Strengths and limitations

This is the first study to determine classes of health risk behaviours in police employees, and one of few studies examining their mental health associations, in any population. This study utilised a representative sample with a good response rate and sufficient data to stratify by gender. Using LCA, this study determined co-occurring health risk behaviours and their associations, contrasting previous literature researching health risk behaviours independently [61]. However, these findings may not be the same for other occupational groups, given the specific nature of policing (e.g., expected level of physical fitness, time spent driving). Due to the cross-sectional nature of the data, temporal associations could not be determined, and it is unknown whether poor mental health is a contributor or consequence of engaging in health risk behaviours. Existing longitudinal evidence found associations with poor mental health and subsequent health risk behaviours but not vice versa [75], and this should be explored in police employees.
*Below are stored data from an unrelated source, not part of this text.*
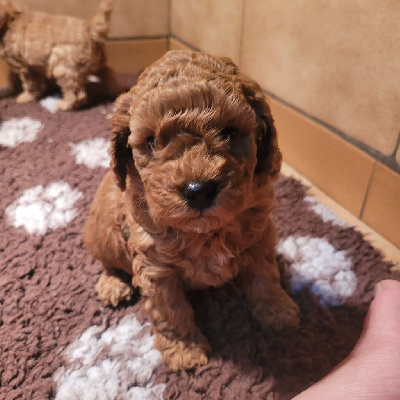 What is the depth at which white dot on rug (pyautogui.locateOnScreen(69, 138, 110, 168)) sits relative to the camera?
256 centimetres

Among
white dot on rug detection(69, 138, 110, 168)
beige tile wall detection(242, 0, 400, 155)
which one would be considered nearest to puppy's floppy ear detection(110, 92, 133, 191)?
beige tile wall detection(242, 0, 400, 155)

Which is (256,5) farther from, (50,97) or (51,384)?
(51,384)

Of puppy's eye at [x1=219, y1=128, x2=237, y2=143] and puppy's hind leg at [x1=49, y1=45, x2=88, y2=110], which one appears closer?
puppy's eye at [x1=219, y1=128, x2=237, y2=143]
This analysis is further limited, as the use of secondary data meant that only the available items could be included, and additional health risk behaviours (e.g., sleep quality) could not be explored.

Implications

This study emphasises the importance of developing interventions which target co-occurring health risk behaviours, as individual behaviours have adverse physical and/or mental health consequences, but the combined impact of multiple health risk behaviours is much greater [57, 76, 77]. According to transfer theory, interventions should target co-occurring behaviours that are similar in their nature [78], as individuals are more likely to transfer their knowledge from one behaviour change to another if the behaviours share similar domains (relating to TTI [9]). Police employees experiencing poor mental health may engage in multiple health risk behaviours and workplace mental health support should incorporate a whole person approach, facilitating ones’ physical and mental health needs [79]. The workplace offers an advantageous environment for interventions targeting health risk behaviours, given the amount of time spent working [80, 81]. At an organisational level, health promotion campaigns can encourage healthy eating, smoking cessation, and physical activity. Addressing demand-control imbalances could allow more free time to for health behaviours. This study identified the characteristics of police employees who may be more likely to engage in multiple health risk behaviours and can be targeted by workplace interventions at an individual level.

Conclusions

This is the first study to determine how health risk behaviours cluster in police employees, and their associations with mental health and job strain. Police employees with poor mental health were more likely to engage in multiple health risk behaviours, than those without a mental health problem. Those reporting high strain were more likely to be low risk drinkers but engage in other health risk behaviours, such as low physical activity and poor diet, than those reporting low strain. These findings highlight the importance of targeting co-occurring, not just individual, health risk behaviours to prevent physical and/or mental health consequences.